### What to work on
The answer must reproduce every record exactly, with all pictures omitted.
[[ Information, beginning ]]
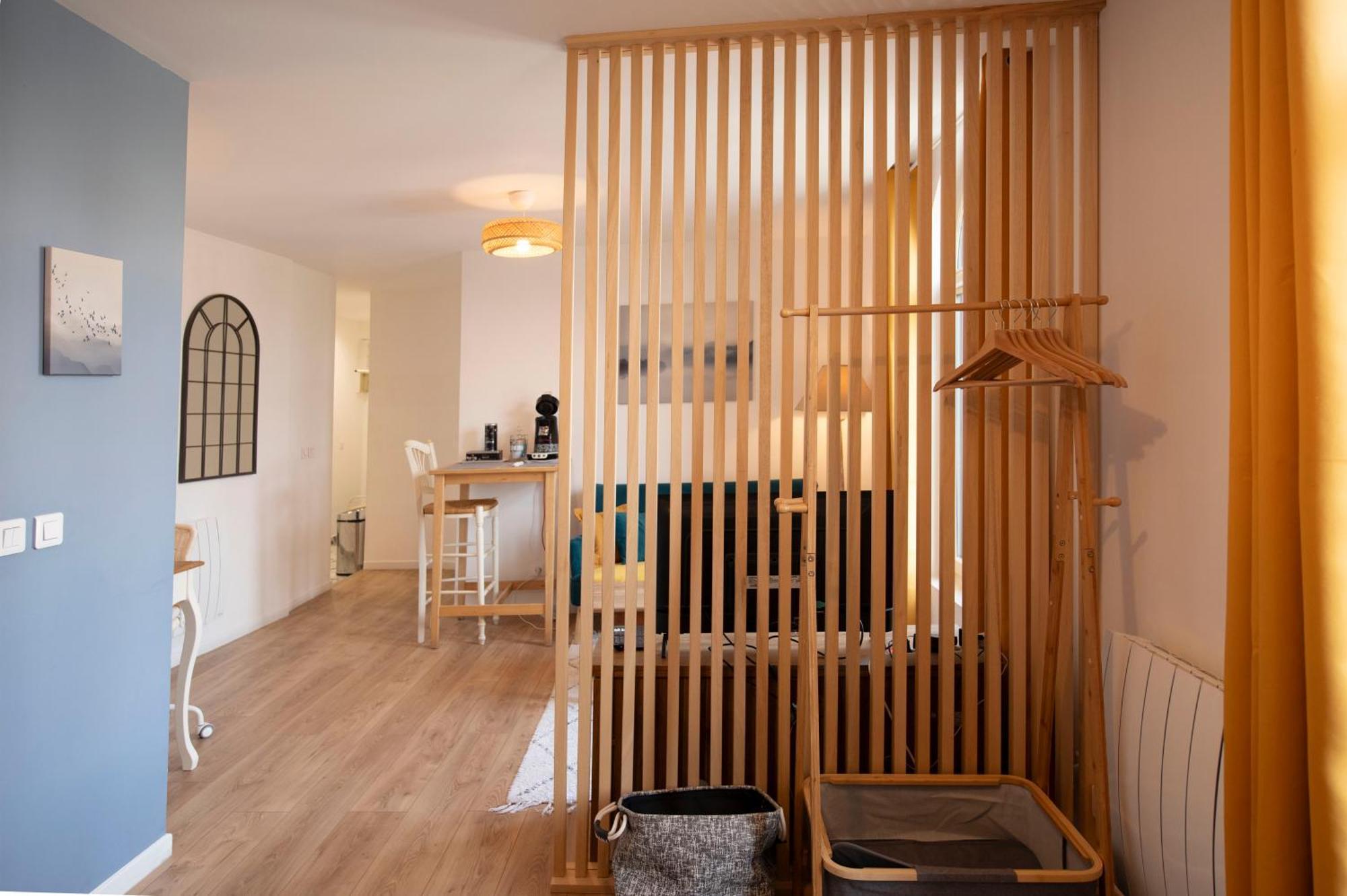 Le Cosy & Boise De Pontoise Lejlighed Eksteriør billede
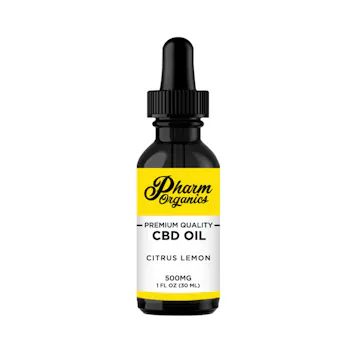 Photo of Premium CBD Oil Tincture - Citrus Lemon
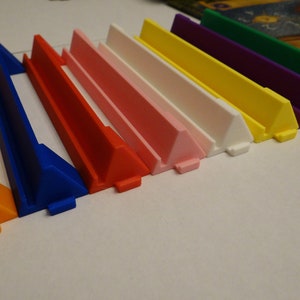 Modular Playing Card Holder - Cardholder with Connectors to make any length image 6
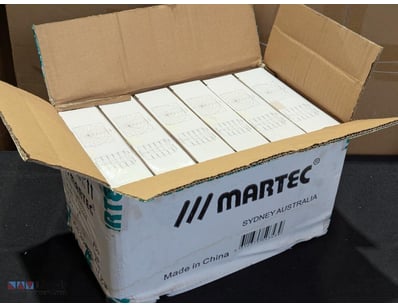 RRP $539.70 BULK LOT - QTY 6 Martec Conceal 4W LED...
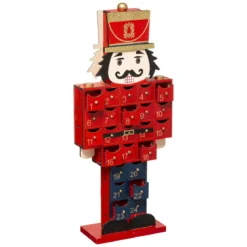OBJET CALENDRIER AVENT CASSE NOISETTE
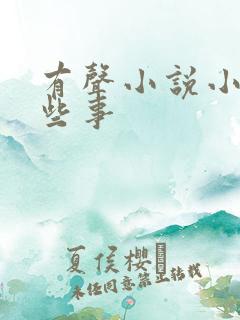 有声小说小村那些事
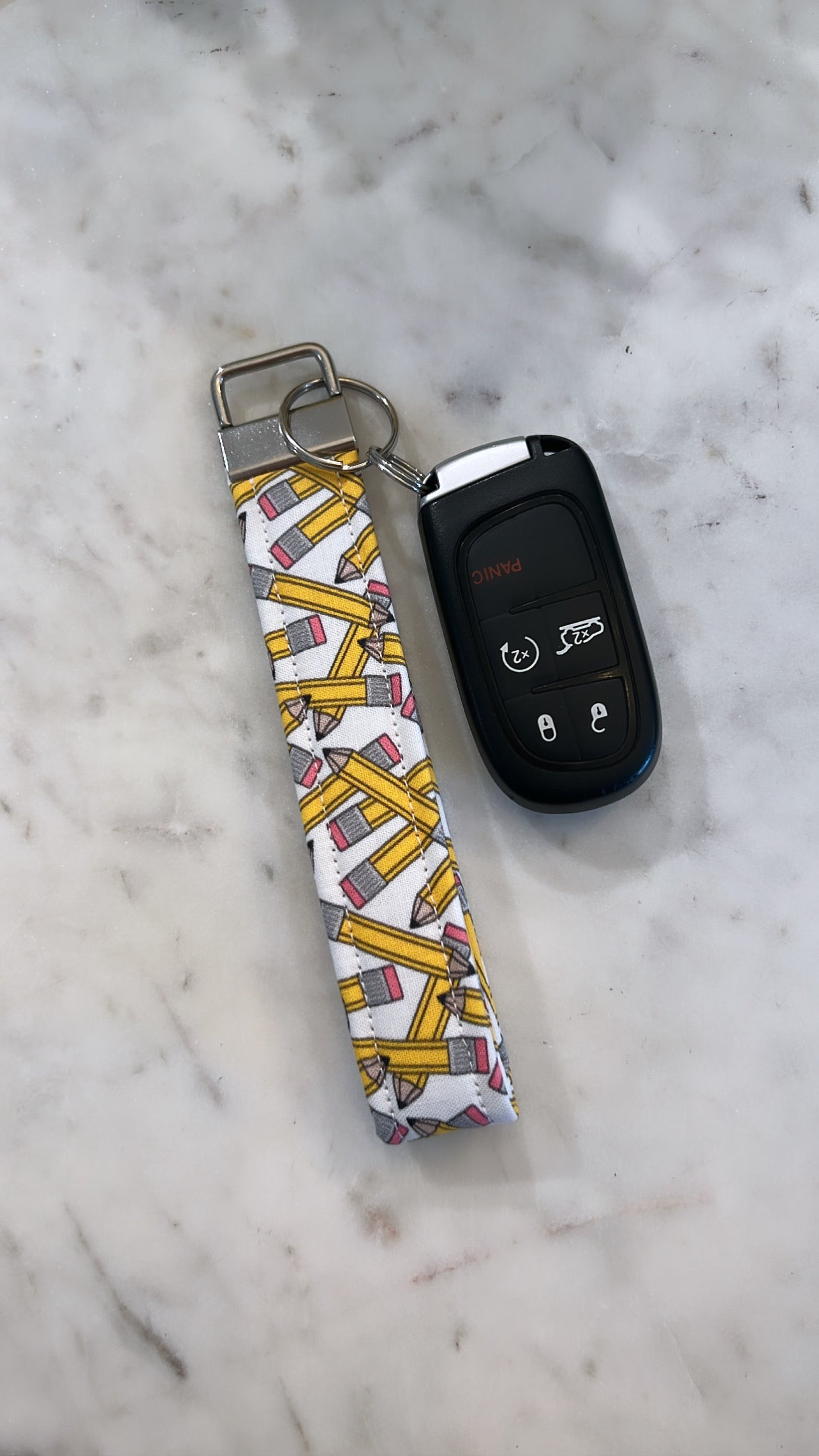 Teacher wristlet straps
[[ Information, end ]]
### Exercise response
 Le Cosy & Boise De Pontoise Lejlighed Eksteriør billede
 Photo of Premium CBD Oil Tincture - Citrus Lemon
 Modular Playing Card Holder - Cardholder with Connectors to make any length image 6
 RRP $539.70 BULK LOT - QTY 6 Martec Conceal 4W LED...
OBJET CALENDRIER AVENT CASSE NOISETTE
 有声小说小村那些事
 Teacher wristlet straps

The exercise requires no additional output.